Reputation: 7907
I have a list of elements, with associated sorting keys
data = [
{'data': 0},
{'key': 'foo', 'data': 1},
{'key': 'bar', 'data': 2},
{'data': 3},
{'key': 'foo', 'data': 4},
{'key': 'bar', 'data': 5},
{'key': 'bar', 'data': 6},
{'data': 7}
]
Some elements has sorting key
, some does not. I have an external table with sorting for some keys:
ORDER = ['bar', 'foo', 'baz']
Expected result:
[
{'data': 0},
{'key': 'bar', 'data': 2},
{'key': 'bar', 'data': 5},
{'data': 3},
{'key': 'bar', 'data': 6},
{'key': 'foo', 'data': 1},
{'key': 'foo', 'data': 4},
{'data': 7}
]
I need to sort the array in the way that only elements with key are moved, and elements with the same key are not moved. (Basically, I have a partial order for elements with requirements to not to swap elements if key comparison does not require so). As far as I can see, existing list.sort
/sorted
(in Python) does not support this type of ordering.
I strongly suspect this problem was solved many times, but I can't find a proper name to search.
How this type of sorting is called?
Upvotes: 3
Views: 714
Reputation: 61910
You can do this in O(n) time, if you have few keys, using something like a bucket sort for example:
import pprint
from collections import defaultdict
from itertools import chain
# create buckets
buckets, no_key = defaultdict(list), {}
for i, d in enumerate(data):
if 'key' in d:
buckets[d['key']].append(d)
else:
no_key[i] = d
# create one sorted list for elements with keys, basically iterate over the buckets in ORDER
chained = list(chain.from_iterable([buckets[key] for key in ORDER]))[::-1]

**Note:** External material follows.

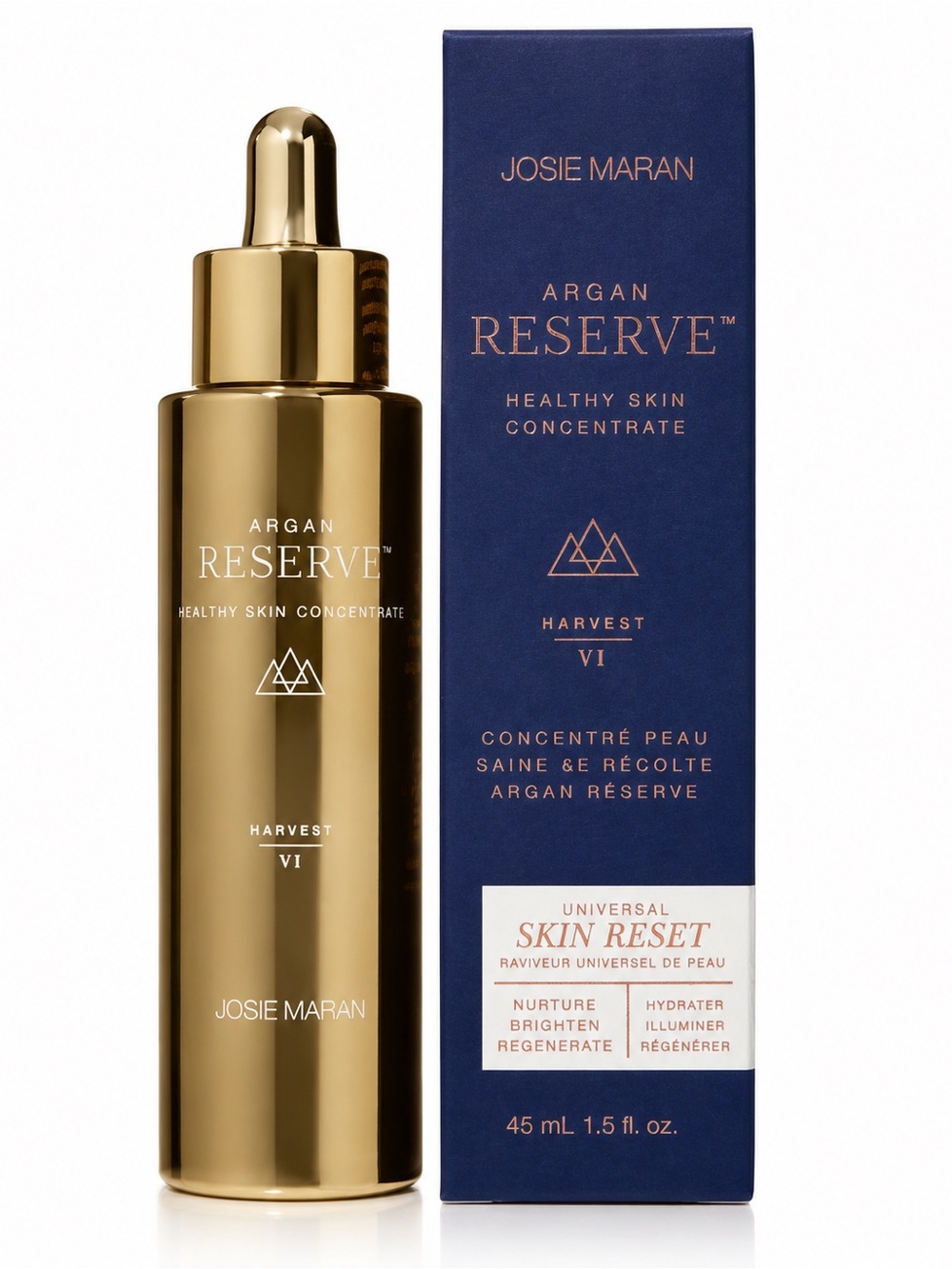 Josie Maran Argan Reserve Healthy Skin Concentrate 1.5 oz Argan Oil Face Serum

# combine the two iterables, chained and no_key into the final result
final = [no_key.pop(i) if i in no_key else chained.pop() for i in range(len(data))]
pprint.pprint(final)
Output
[{'data': 0},
{'data': 2, 'key': 'bar'},
{'data': 5, 'key': 'bar'},
{'data': 3},
{'data': 6, 'key': 'bar'},
{'data': 1, 'key': 'foo'},
{'data': 4, 'key': 'foo'},
{'data': 7}]
Upvotes: 2
Reputation: 402713
Create an iterator of sorted records:
it1 = iter(sorted((d for d in data if 'key' in d),
key=lambda d_: ORDER.index(d_['key'])))
Next, write a list comprehension to selectively overwrite records with "key", leaving others unchanged.
res = [d if 'key' not in d else next(it1) for d in data]
print (res)
# [{'data': 0},
# {'key': 'bar', 'data': 2},
# {'key': 'bar', 'data': 5},
# {'data': 3},
# {'key': 'bar', 'data': 6},
# {'key': 'foo', 'data': 1},
# {'key': 'foo', 'data': 4},
# {'data': 7}]
Some points:
it might be worth converting ORDER
into a dictionary mapping keys to positions, so the lookup is constant time. That should bring down the complexity of the sorting step.
sorted
returns a list, which is then converted to an iterator, so the intermediate list cannot be avoided.
Upvotes: 4